In the signal corps, Rodriguez received the standard two weeks of basic training, but he also went to cryptography school at Fort George E. Mead in Maryland, where he learned to cipher and decipher codes.
While sitting in one of his classes, the Company Commander interrupted, announcing Rodriguez was handling classified materials but wasn’t a U.S. citizen. To keep himself out of trouble, the commander promptly drove Rodriguez to a federal court in Baltimore, where he became a U.S. citizen.
There were only two Latinos in the signal corps, but Rodriguez got along well with all of the soldiers because he was athletic and always playing sports with them. He said he never received a direct order from an officer not to speak Spanish, but many of the men who didn’t understand it didn’t like Rodriguez speaking it.
Stationed in Brazil during World War II, Rodriguez helped provide information needed to get planes over to North Africa and Europe safely. By then, machines did all the ciphering of codes, so Rodriguez managed a message center -- until he got malaria, that is. The sickness caused him to have asthma; thus, he was shipped home on a medical discharge in 1944.
Since the war wasn’t yet over, he worked at the recreation center in San Diego, as well as at the Neighborhood House, which offered services to the local community. He also began working the graveyard shift at the shipyards, since he’d learned to weld while in the hospital.
Upon his return home, Rodriguez organized an American Legion post in San Diego.
"I realized there was going to be a need to provide services to returning veterans," he said.
When fall came around, Jack Reese took over the Legion post because Rodriguez began attending San Diego State University. Since he’d served in the armed forces, Rodriguez received a full grant to pay for college, but lost the medical benefits when he began playing football at SDSU. As a student, he coached the wrestling team, which went undefeated for four years and also went to the Olympic trials. He graduated from SDSU in 1949 and started teaching at Memorial Junior High School in San Diego.
While at Memorial, Rodriguez founded an American GI Forum around the time Kennedy ran for office. As vice principal at Memorial in 1962, he ran for the assembly, winning the primaries, but losing in the general election. He was a delegate to the Democratic National Convention when President Johnson was nominated.
President Johnson then appointed him the first director of Mexican American Affairs, giving Rodriguez the opportunity to develop a bilingual program, among others. When President Nixon took office in 1970, he served as the assistant commissioner of education in the Office of Regional Office Coordination.

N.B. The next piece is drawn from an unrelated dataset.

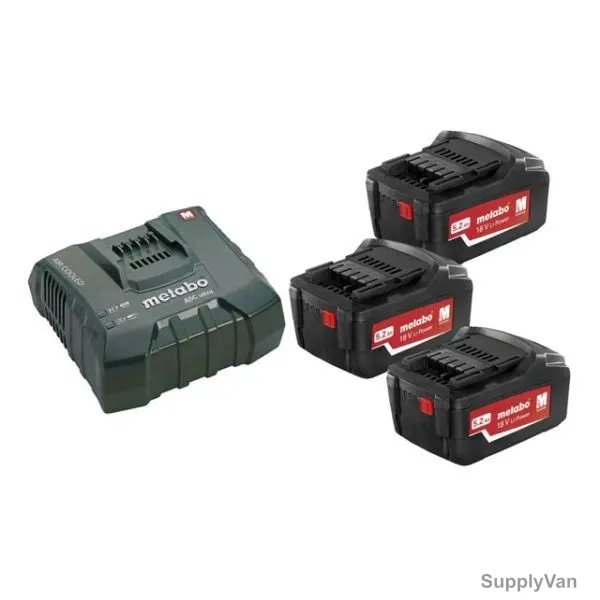 Metabo Cordless Tool Battery Set With ASC Ultra Charger, 685061000, 18V, 3 x 5.2Ah Battery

In 1978, Rodriguez went to East LA College to become the first Latino president of a college. He then served under Presidents Carter and Reagan, only to retire in 1983, having made many valuable contacts he attributes to his success in life.

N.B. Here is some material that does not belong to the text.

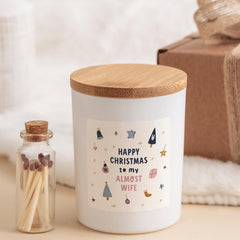 Funny Christmas Candle Gift for Fiancée Happy Holidays to My Almost Wife Engagement Present Vegan Soy Wax Candle Free Gift Box and Matches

"I've never lost those contacts in politics. Even as long as I've been away from Washington, now I can still go back and get into places that many people can't," Rodriguez said.

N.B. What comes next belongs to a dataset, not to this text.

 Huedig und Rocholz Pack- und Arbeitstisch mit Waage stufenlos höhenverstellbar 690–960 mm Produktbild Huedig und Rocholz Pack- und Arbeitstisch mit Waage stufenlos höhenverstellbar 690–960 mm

Always thinking he could’ve done more for society, he said he wants to leave the earth better than it was when he arrived.
"The legacy you leave," he said, "is what you were worth while you were here."
Along with his public life, Rodriguez has enjoyed his family life. He and his wife Beatriz have two children and four grandchildren. Realizing the needs of children to become successful learners from the day they enroll in kindergarten, he was prompted to work as an education consultant, in conjunction with the Hearst Corporation and the Bakersfield City School District, to help parents of preschool students prepare for learning.
His advice for future generations of America is this:
"Decide in life what you want to do and do it to the best of your ability; always accompanied by being happy ... and when you're happy, you make other people happy."
Mr. Rodriguez was interviewed in San Diego, California, on August 2, 2000, by Rene Zambrano.